As there are no direct means of finding the direction of a line passing through the earth’s centre, or of one perpendicular to the imaginary standard spheroid, geocentric and geographical latitudes must be calculated from the astronomical latitude, which is determined by observations of the elevation of the Pole, or its equivalent. The astronomical latitude is the angle between the direction of gravity and the Equator, and is therefore to a small extent dependent upon local irregularities of the earth’s surface.

A knowledge of geocentric latitude is chiefly of use in making corrections for parallax, in order that the data calculated for the earth’s centre may be precisely corrected for the place of observation, or vice versâ, as in the case of a lunar distance measured for the determination of longitude, or in the calculation of a solar eclipse.

Variation of Latitude.—For some years past a widespread interest has been taken in the question of a possible change in the position of the earth’s axis with regard to its surface. The subject is by no means a new one, for as far back as two thousand years ago, such variations were suspected. Changes amounting to several degrees were then believed to have occurred, but it is now certain that the supposed variation was due solely to the imperfection of the observations. As astronomical science became more and more precise, even before the discovery of aberration, it became evident that if any changes of latitude were taking place at all, they must be very minute.

In its geological aspect, the possibility of great changes of latitude having occurred in the past history of our globe is evidently well worth serious investigation. Granted a sufficient change in the position of the earth’s axis, the climate of London might become Arctic, or that of Greenland tropical. From this point of view the subject has been mathematically investigated by Professor G. H. Darwin, and it appears that if only the varying distribution of land and sea indicated by the geological records be taken into account, past changes of more than about three degrees are very improbable. Admitting that at any time during the life-history of our globe the earth was sufficiently plastic to be deformed by earthquakes or other disturbances, it is possible that changes amounting to 10° or 15° may have occurred.

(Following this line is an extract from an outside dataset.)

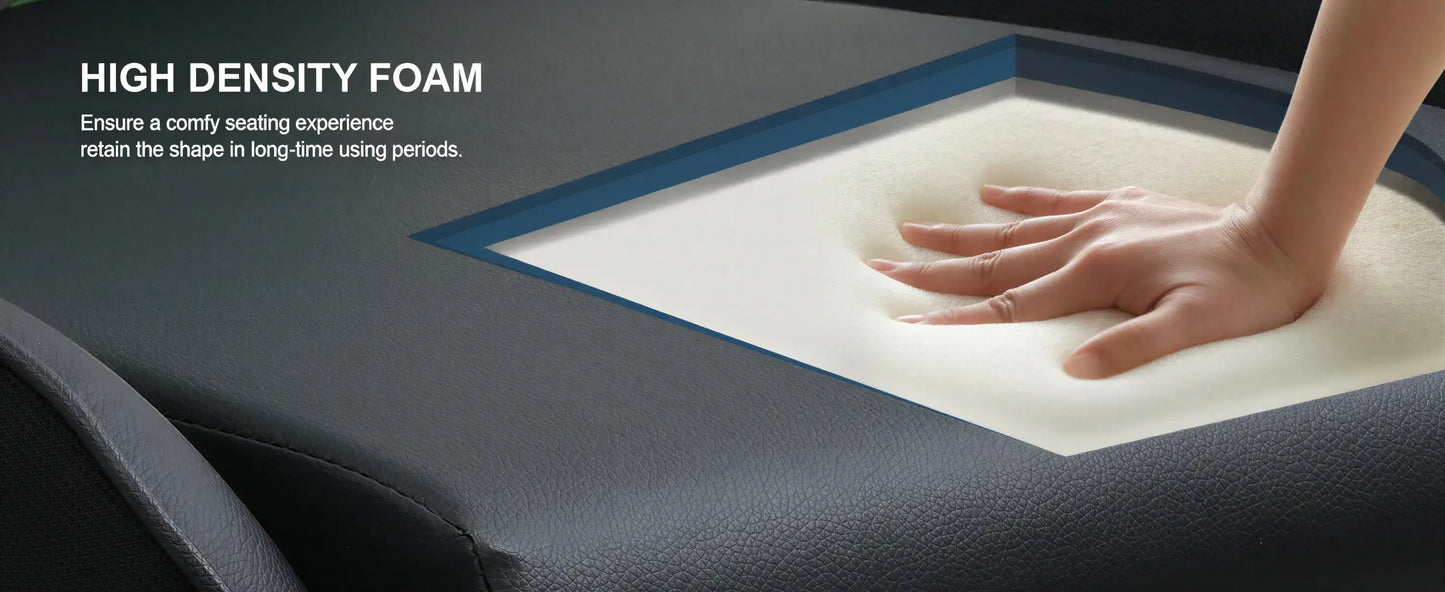 Hand pressing into high density foam on a car seat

Opinion is perhaps best reserved as to what has happened in the past. We are on surer ground when we consider the variations of latitude which are now going on.

Many competent observers have investigated the present movements of the Pole, and it has been conclusively demonstrated that changes in the position of the earth’s axis do really occur. Dr. Küstner, of Berlin, commenced a series of observations for a different purpose in 1884, and found that some anomalous results could only be explained by supposing that the latitude of Berlin was from 0″·2 to 0″·3 greater from August to November, 1884, than from March to May in 1884 and 1885. Great interest was excited by this striking result, and steps were at once taken to test its truth. Old observations were re-discussed and compared, and new observations were made, with the final result that the movement of the earth’s axis of rotation was placed beyond dispute. It was not until Dr. Chandler attacked the problem, however, in 1891, that the nature of the changes became clear. His masterly analysis indicated that the observed variations in latitude arise from two periodic fluctuations superposed upon each other; one of these has a period of 427 days, and a semi-amplitude of 0″·12, while the other is an annual change which has ranged between 0″·04 and 0″·20 during the last fifty years. The resultant of the two movements produces changes which are seemingly very irregular in amount and of varying period, but a cycle is completed about every seven years. When the two sources of difference are at their maximum at the same time, the total range reaches about two-thirds of a second of arc. In consequence of the inequality of the annual part of the change, the apparent average period between 1840 and 1855 approximated to 380 or 390 days; widely fluctuated from 1855 to 1865; from 1865 to about 1885 was very nearly 427 days, afterwards increased to near 440 days, and very recently fell to somewhat below 400 days.